- _Problem description_:
Pictures aside, quote the whole listing exactly.
━━ Given material
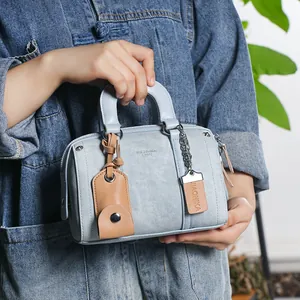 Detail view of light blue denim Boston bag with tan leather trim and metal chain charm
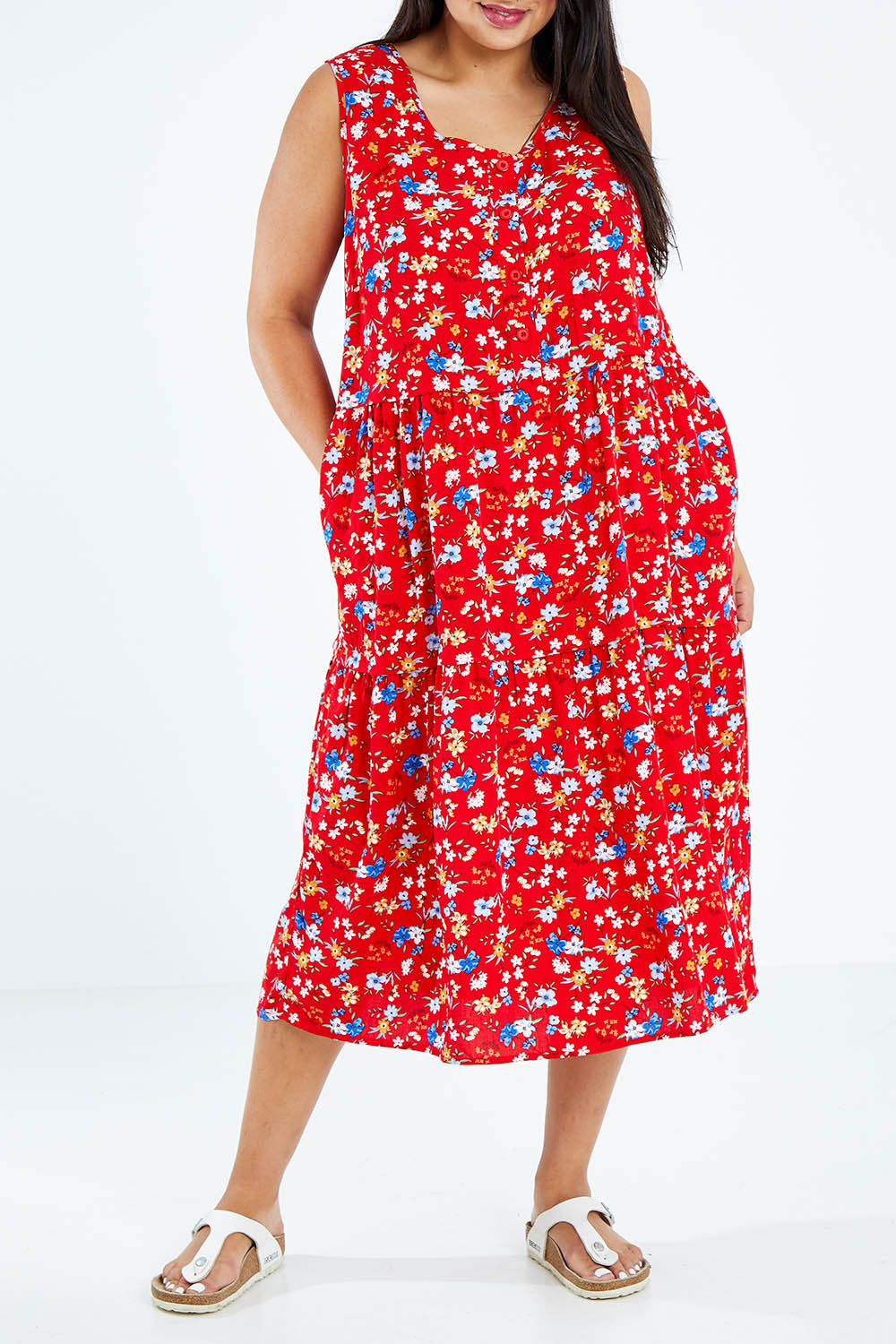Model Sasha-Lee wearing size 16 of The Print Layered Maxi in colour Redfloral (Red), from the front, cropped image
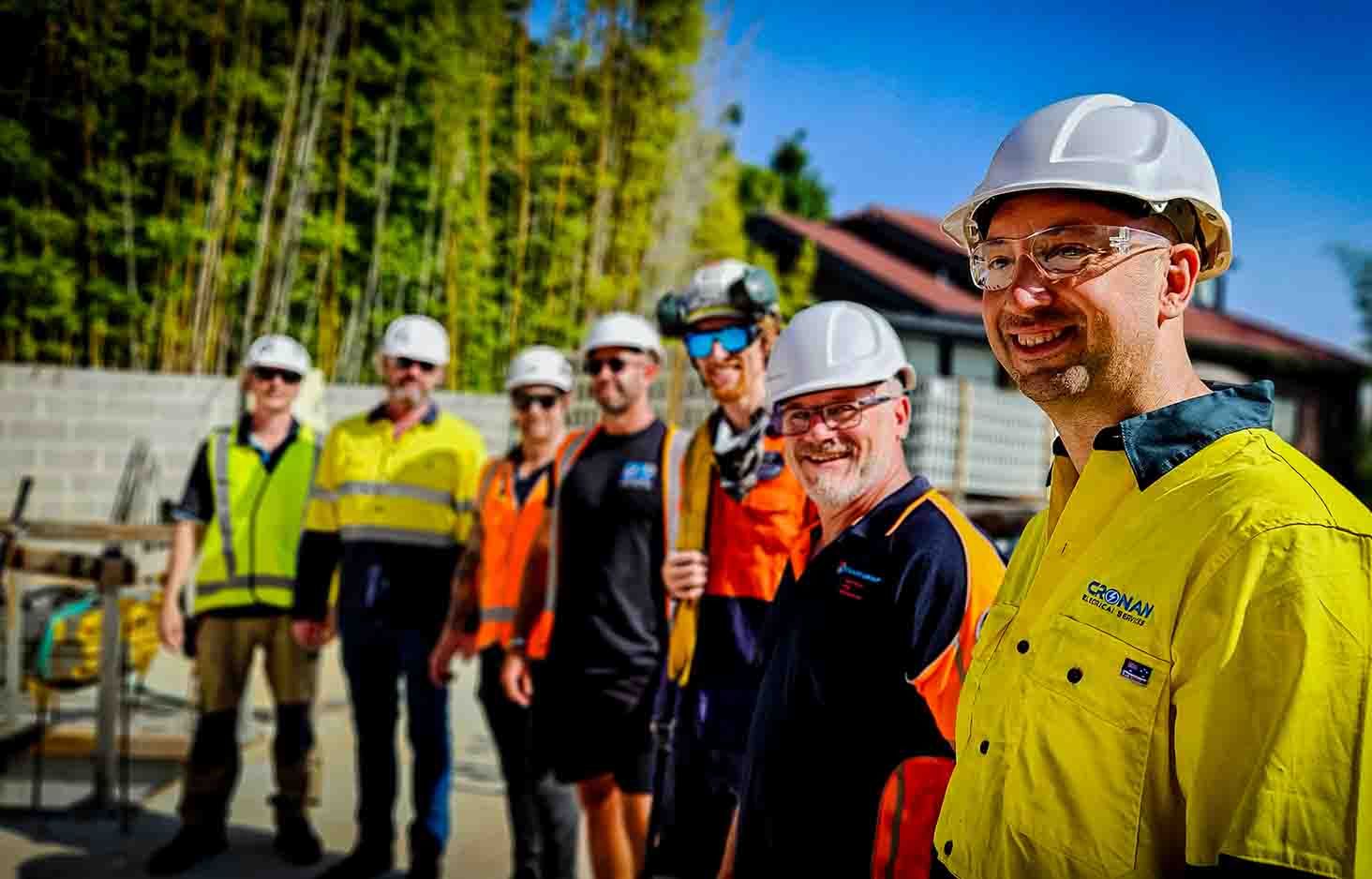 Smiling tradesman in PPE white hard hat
━━━━
- _Exercise solution_:
 Detail view of light blue denim Boston bag with tan leather trim and metal chain charm
Model Sasha-Lee wearing size 16 of The Print Layered Maxi in colour Redfloral (Red), from the front, cropped image
 Smiling tradesman in PPE white hard hat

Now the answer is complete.